The rock comes from the area between Rapolano Terme and Serre di Rapolano (Siena).
The Rapolano travertine (concretionary limestone of chemical origin) outcrops in the area between Rapolano Terme and Serre di Rapolano (Siena); it consists of a series of travertine bodies located along the Rapolano fault. The deposits are often divided into four plates, whose maximum thickness is in the range 20-40 meters; they stand on the clayey and sandy marine sediments of the Pliocene Basin of Siena. They are dated to the Upper Pleistocene-Holocene. The genesis is related to the presence of thermo-mineral sources and to the morphology of the area. The distance from the source of the deposition areas is responsible of the different lithological and sedimentological characteristics of the travertine outcrops.
The use of Rapolano travertine in Florence is restricted to the XIX century when it was utilized in the reconstruction of the Chiesa di Ognissanti façade (1871-1872). Travertine was also used for the bases of the Lion statues in the Loggia dei Lanzi.
The composition is mainly calcitic with low amount of clay minerals.
The Rapolano Travertine displays variations in colour from white, light brown, to dark brown; marked veins (sometime also convoluted) of gray, brown, black colors that make them unique and unmistakable are visible.

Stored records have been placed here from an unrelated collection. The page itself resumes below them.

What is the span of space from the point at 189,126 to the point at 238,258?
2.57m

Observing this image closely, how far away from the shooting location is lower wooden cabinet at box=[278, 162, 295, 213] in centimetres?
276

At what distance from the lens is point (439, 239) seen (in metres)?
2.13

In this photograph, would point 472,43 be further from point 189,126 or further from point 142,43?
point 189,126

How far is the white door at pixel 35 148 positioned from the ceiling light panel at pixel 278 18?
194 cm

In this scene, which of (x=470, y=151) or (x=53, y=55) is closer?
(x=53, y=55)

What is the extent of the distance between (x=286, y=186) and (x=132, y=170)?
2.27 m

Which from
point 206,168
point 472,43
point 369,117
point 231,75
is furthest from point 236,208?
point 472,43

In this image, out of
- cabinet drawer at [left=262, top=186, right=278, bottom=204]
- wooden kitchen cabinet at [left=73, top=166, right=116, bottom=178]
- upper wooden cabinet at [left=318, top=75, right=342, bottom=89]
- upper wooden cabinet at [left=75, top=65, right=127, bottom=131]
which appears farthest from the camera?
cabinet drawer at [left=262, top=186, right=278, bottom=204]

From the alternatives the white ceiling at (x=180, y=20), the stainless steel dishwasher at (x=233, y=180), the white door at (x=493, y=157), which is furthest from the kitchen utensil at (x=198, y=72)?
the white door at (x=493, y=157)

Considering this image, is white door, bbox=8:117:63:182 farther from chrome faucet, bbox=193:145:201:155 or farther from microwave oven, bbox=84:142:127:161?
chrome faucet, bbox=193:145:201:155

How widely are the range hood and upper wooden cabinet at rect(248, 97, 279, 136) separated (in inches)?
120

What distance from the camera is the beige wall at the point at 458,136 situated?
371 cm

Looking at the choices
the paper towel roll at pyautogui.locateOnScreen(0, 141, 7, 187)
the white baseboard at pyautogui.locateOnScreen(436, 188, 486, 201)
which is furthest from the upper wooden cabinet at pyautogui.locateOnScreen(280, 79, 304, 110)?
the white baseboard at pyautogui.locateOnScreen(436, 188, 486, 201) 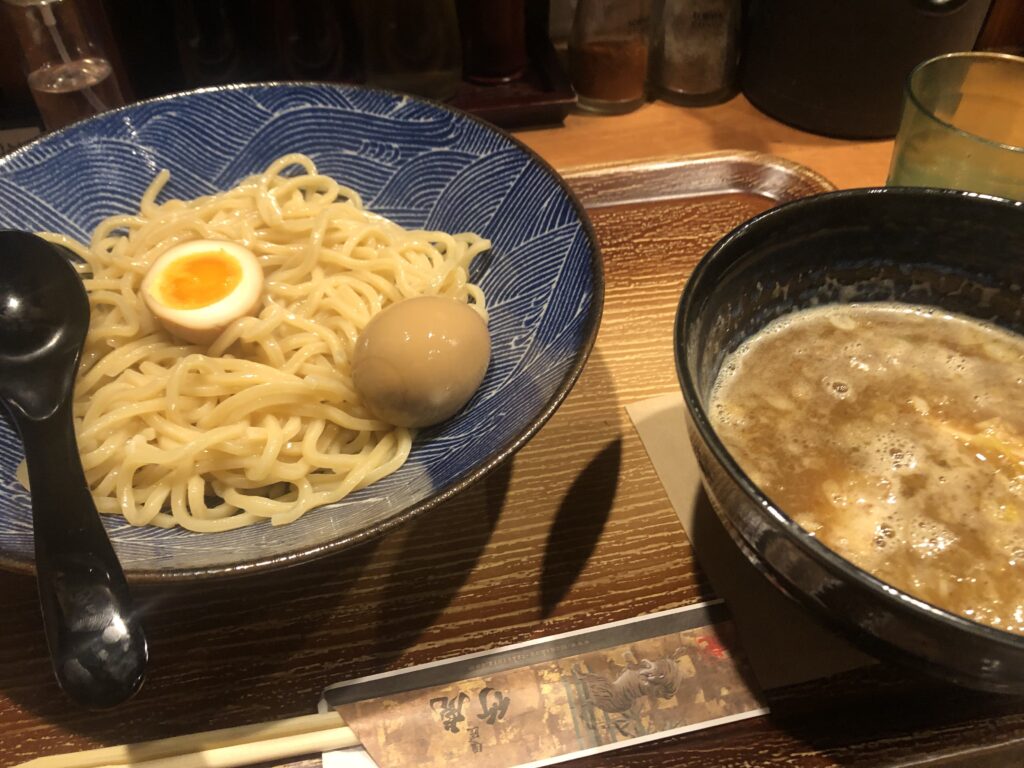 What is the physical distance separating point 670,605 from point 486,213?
786mm

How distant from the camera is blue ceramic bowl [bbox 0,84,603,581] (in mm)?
932

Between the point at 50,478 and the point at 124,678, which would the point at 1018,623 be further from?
the point at 50,478

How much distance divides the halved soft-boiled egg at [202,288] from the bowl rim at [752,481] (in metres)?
0.78

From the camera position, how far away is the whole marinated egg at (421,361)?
108 cm

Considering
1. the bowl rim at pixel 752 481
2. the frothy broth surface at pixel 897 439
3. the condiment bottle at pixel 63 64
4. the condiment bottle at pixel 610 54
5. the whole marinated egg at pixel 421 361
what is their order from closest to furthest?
the bowl rim at pixel 752 481 < the frothy broth surface at pixel 897 439 < the whole marinated egg at pixel 421 361 < the condiment bottle at pixel 63 64 < the condiment bottle at pixel 610 54

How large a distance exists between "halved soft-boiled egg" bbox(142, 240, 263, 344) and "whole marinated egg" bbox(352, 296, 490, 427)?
0.89 feet

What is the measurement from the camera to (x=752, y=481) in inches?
32.4

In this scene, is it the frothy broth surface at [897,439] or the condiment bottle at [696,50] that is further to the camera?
the condiment bottle at [696,50]

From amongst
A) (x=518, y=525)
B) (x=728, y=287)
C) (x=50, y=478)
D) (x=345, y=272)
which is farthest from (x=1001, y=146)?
A: (x=50, y=478)

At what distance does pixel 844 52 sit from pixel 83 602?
198cm

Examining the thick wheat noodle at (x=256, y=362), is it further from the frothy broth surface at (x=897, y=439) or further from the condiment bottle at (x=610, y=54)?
the condiment bottle at (x=610, y=54)

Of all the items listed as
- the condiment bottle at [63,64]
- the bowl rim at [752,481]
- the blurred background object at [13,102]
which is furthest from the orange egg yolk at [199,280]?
the blurred background object at [13,102]

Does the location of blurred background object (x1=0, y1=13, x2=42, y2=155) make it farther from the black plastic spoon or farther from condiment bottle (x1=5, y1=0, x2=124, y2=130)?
the black plastic spoon

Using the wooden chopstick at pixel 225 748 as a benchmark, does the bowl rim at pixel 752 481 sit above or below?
above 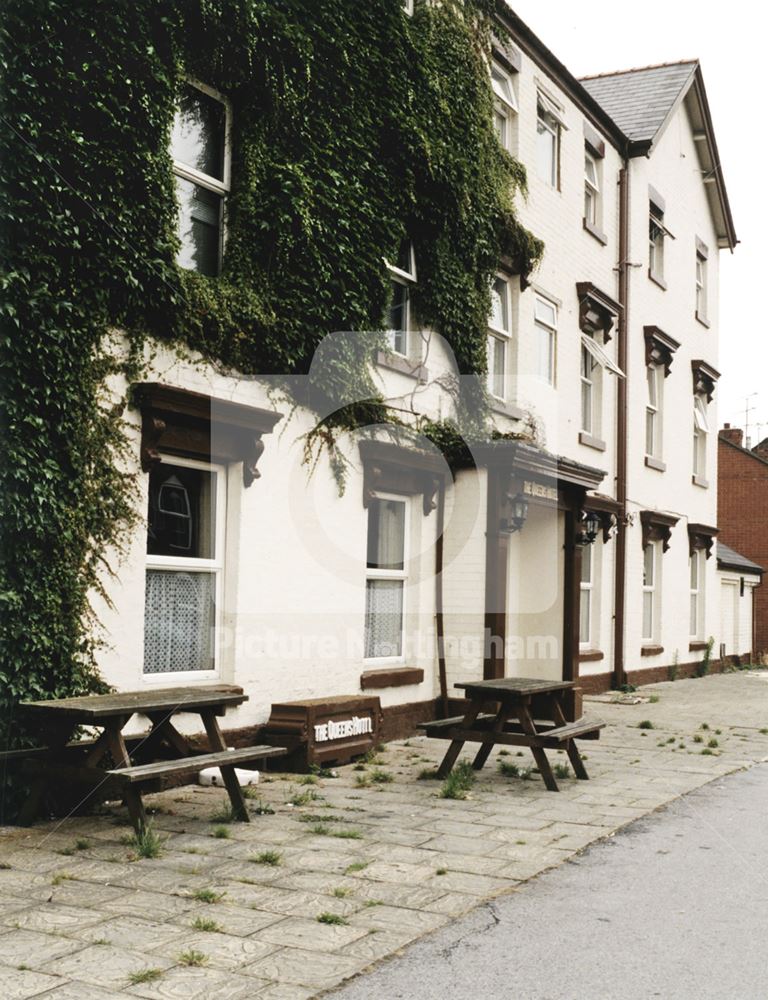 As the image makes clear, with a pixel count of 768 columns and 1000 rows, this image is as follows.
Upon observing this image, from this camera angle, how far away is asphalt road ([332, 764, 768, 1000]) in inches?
174

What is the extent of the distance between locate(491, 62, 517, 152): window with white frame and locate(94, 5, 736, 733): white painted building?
0.04 meters

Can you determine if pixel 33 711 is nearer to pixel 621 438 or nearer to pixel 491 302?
pixel 491 302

The presence of sub-millimeter and pluricentimetric plant moulds, vacuoles, elongated porosity, bubbles, and cracks is characteristic. The variability of sedimentation environments makes the travertine aspect very varied.
Carbonatic mudstone often showing dendritric structure and different characteristics depending on the sedimentation environment in which it was formed; inside the rock it is possible to find mud-cracks, crystalline crusts of calcite, bioclasts (molluscs remains, alghae, shrubs), bubbles or circular sections of plant moulds.